A causa degli impegni pastorali e della necessità di produrre articoli più brevi su una varietà di altri argomenti, il mio lavoro per questo progetto procedette a singhiozzi. Al tempo del mio trasferimento nell’Ohio del sud nel 1989, avevo completato le prime bozze di otto dei quattordici capitoli che seguono. Avevo paura che non avrei mai avuto tempo per portare a compimento ciò che avevo iniziato, così pubblicai parte della ricerca in The Problems with the Prayers of the Modern Mass [edizione italiana: Non si prega più come prima… Le preghiere della Nuova Messa. I problemi che pongono ai cattolici, edizioni CLS Verrua Savoia], un mio studio, del 1991, sulle nuove orazioni, e nell’introduzione alla mia nuova traduzione inglese del 1992 del Breve Esame Critico.
Nel 1995 fui invitato ad insegnare liturgia e diritto canonico a Warren, nel Michigan, presso il Most Holy Trinity Seminary, appena fondato (ora esso si trova a Brooksville, in Florida). Per il ciclo di lezioni sulla liturgia dell’anno accademico 1998-99, preparai un corso di liturgia dei tempi moderni della durata di un anno. Esso incorporava un po’ della mia ricerca, come pure del materiale dall’eccellente Le Mouvement Liturgique, scritto da Padre Didier Bonneterre. Rifinii il materiale per il corso negli anni successivi, per i successivi cicli di lezioni, e, per l’anno 2004-05, creai ciò che poi sarebbe servito come scaletta dettagliata per i tre capitoli aggiuntivi di questo libro.
Nel frattempo, i preti più giovani nell’ambiente del post-Vaticano II iniziavano ad interessarsi al rito antico, e cominciavano ad apparire su libri e periodici pubblicati dalla stampa cattolica più in voga, non solo i commenti critici sugli “abusi”, ma anche sulla versione ufficiale della Messa di Paolo VI. Contribuirono a questo tam tam anche numerosi siti internet e blog.

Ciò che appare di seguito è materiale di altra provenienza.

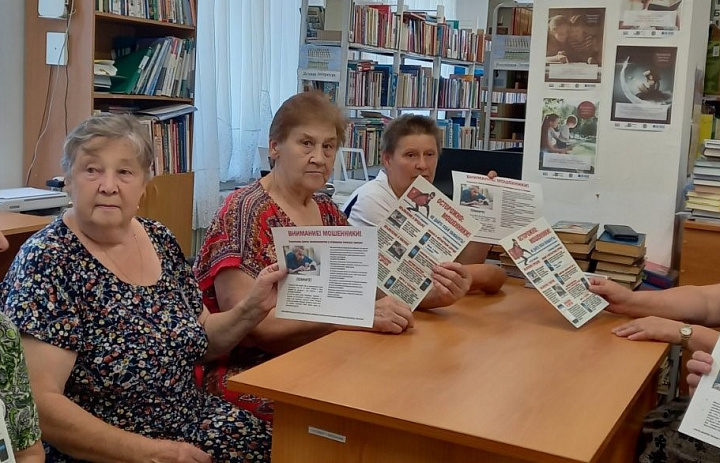 Финансовое мошенничество
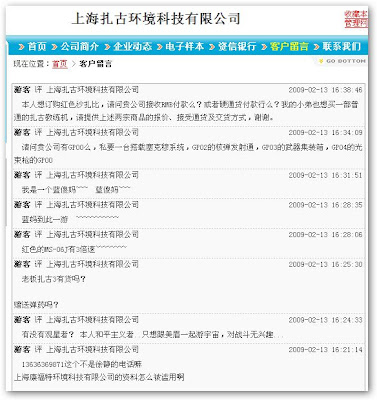 上海扎古环境科技公司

Dopo l’elezione di Benedetto XVI nell’aprile del 2005, era chiaro che sarebbe stata concesso un permesso ufficiale di usare il rito antico in qualche modo più ampio. Questo avvenne nel luglio del 2007 con il Motu Proprio di Benedetto XVI Summorum Pontificum, che permetteva a qualunque sacerdote di celebrare la Messa secondo il Messale del 1962, l’ultima edizione pubblicata prima che i cambiamenti liturgici del post-Vaticano II fossero introdotti.

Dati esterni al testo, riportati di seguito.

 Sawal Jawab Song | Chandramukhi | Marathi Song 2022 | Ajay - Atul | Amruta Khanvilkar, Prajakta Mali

Il Motu Proprio non ebbe come risultato quello di far accorrere ovunque i cattolici alla messa antica – il vaticanista John Allen afferma che il tipico gruppo è di dimensione ridotta, ciò che gli italiani chiamano “quattro gatti”. Comunque, il Motu Proprio ha permesso a molte persone di constatare con i propri occhi le spiccate differenze tra il vecchio e nuovo rito, e quindi, forse, cercarne le ragioni.
Nel novembre 2008, quindi, ripresi con zelo la stesura di questo libro, con l’obiettivo di portarla a termine. Un anno più tardi, la Prima Domenica di Avvento del 2009, quaranta anni dopo l’introduzione della Messa di Paolo VI, terminai il capitolo finale.

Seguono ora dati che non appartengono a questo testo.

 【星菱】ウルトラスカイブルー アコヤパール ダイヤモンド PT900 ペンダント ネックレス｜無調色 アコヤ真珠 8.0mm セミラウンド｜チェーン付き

Incidentalmente, erano anche quarantacinque anni da quel giorno del 1964 quando, per la prima volta, iniziai a domandarmi perché la nuova liturgia fosse così inquietante. Possa questo libro aiutare gli altri cattolici a trovare la risposta almeno un po’ più velocemente.
Rev. Antony. Cekada, West Chester, Ohio
4 dicembre 2009, S. Pietro Crisologo
Note
1) Tradição, Família e Propriedade, Tradizione Famiglia Proprietà, sigla che si riferisce a diverse associazioni tradizionaliste di ispirazione cattolica, distinte su base nazionale. Nata nel 1960 in Brasile ad opera di Plinio Corrêa de Oliveira e diffusa soprattutto in America latina, Stati Uniti ed Europa [NdT].
2) Il testo, in portoghese, è del 1970. Fu stampato in traduzione francese nel 1975 dalla Diffusion de la Pensée française col titolo: La nouvelle messe de Paul VI. Qu’en penser? La vendita al pubblico francese fu però ritardata a lungo su domanda della TFP [NdT, tratto da una nota apparsa sulla rivista Sodalitium, n. 56, settembre 2003].
Prefazione dell’Autore all’edizione italiana
Come ho evidenziato nella prefazione all’edizione originale inglese di Work of Human Hands, ho deciso di scrivere questo libro perché risultava impossibile trovare, in qualsiasi lingua, un’opera che trattasse sistematicamente e in modo completo i principali problemi teologici presentati dalla Messa di Paolo VI. Mi ha fatto quindi piacere sapere del progetto di tradurre il mio libro in italiano. Perché mentre l’inglese può essere diventato una sorta di lingua franca per questioni di commercio e relazioni internazionali, l’italiano occuperà sempre un posto di rilievo nelle discussioni sulla liturgia romana.
L’ho scoperto quasi subito, quando ho iniziato la mia ricerca per questo libro. Le principali figure che hanno creato le “riforme” post-conciliari hanno scritto soprattutto in italiano. Questo per me ha rappresentato un problema. Da bambino avevo sempre desiderato imparare l’italiano, dal momento che mia madre, la cui famiglia era toscana, parlava la lingua, ma non ne ho mai avuto l’opportunità.
Quando ho approcciato per la prima volta La Riforma Liturgica (1948-1975) di Bugnini, scritta in italiano, mi disperai, perché mi era stato detto dalla principale casa editrice liturgica negli Stati Uniti che il testo non sarebbe mai stato tradotto in inglese, trattandosi di un’opera troppo specializzata. Ma poi ho deciso di imparare a leggere l’italiano, ho acquistato grammatiche e dizionari e ho faticato per due anni per decifrare il libro di Bugnini e riassumere in inglese il materiale più importante.
Mi sono rallegrato quando ho finito di annotare le ultime pagine: avevo concluso due anni di sforzi! Ora sarebbe stato facile incorporare nel mio studio tutte le informazioni incriminanti fornite da Bugnini.
Poco dopo, è arrivata per posta una brochure pubblicitaria colorata e splendidamente stampata: “Ora in inglese: La Riforma Liturgica (1948-1975) di Annibale Bugnini”.
Ahimè, avrei preferito imparare l’italiano da mia madre piuttosto che da Bugnini …
Quindi, con la pubblicazione di questa edizione italiana di Work of Human Hands, Frutto del lavoro dell’uomo, mi scuso con tutti gli studenti di liturgia che hanno intrapreso un progetto simile e dovranno dire “ho imparato l’inglese da Cekada”!
Sono molto grato a Sodalitium e all’Istituto Mater Boni Consilii per i loro sforzi volti a portare a termine questo progetto. Spero sinceramente che questa traduzione contribuisca a una fruttuosa discussione sulle problematiche della riforma liturgica ovunque si parli la bella lingua italiana!